バリ・ヒンドゥーの世界観では、アグン山は単なる山ではなく、宇宙の縮図です。山頂は神々が住む天国(スワルガ)、中腹は人間が住む世界(ブワ)、そして麓や海は悪霊が住む地下世界(ブール)に対応すると考えられています。このため、アグン山のある方角「カジャ」は、常に神聖で清浄な方角とされ、人々は祈りを捧げる際にこの方角を向きます。反対に、海のある方角「クロッド」は不浄な方角とされます。この「カジャクロッド」という聖なる方位軸は、バリのあらゆる空間設計の基本原則であり、アグン山がいかにバリの人々の精神世界の中心に位置しているかを物語っています。

総本山ブサキ寺院とアグン山の深い関係

バリ・ヒンドゥーの総本山であるブサキ寺院が、アグン山の中腹(標高約1,000メートル)に建立されているのは偶然ではありません。この寺院は、山の神、そしてアグン山に祀られている祖先霊を崇拝するために建てられた、バリで最も重要かつ神聖な場所です。大小30あまりの寺院からなる複合寺院であり、その中心にはヒンドゥーの三大神(シヴァヴィシュヌブラフマー)が祀られています。ブサキ寺院は、いわばアグン山という巨大な自然の祭壇に捧げられた、人間の祈りの結晶なのです。人々はブサキ寺院に参拝することで、アグン山の神々と交感し、世界の調和と繁栄を祈ります。

1963年の大噴火:神の怒りと奇跡の物語

1963年、アグン山は20世紀最大級の大噴火を起こし、火砕流や火山灰によって1,500人以上が犠牲となり、多くの村が壊滅的な被害を受けました。
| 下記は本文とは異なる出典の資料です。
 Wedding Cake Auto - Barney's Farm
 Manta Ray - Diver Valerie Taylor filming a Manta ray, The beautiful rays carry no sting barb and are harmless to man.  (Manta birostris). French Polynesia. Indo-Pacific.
この噴火がバリの人々に大きな衝撃を与えたのは、それが100年に一度行われる最高儀式「エカ・ダサ・ルドラ」の準備期間中に発生したためです。多くの人々は、儀式の執行に不備があったために神々が怒ったのだと信じました。しかし、奇跡的にも、大規模な火砕流はブサキ寺院の境内をすぐそばで避けるように流れ下り、寺院群はほぼ無傷で残りました。この出来事は、神々の計り知れない力と、ブサキ寺院の神聖さを改めて人々に証明するものとして、今日まで語り継がれています。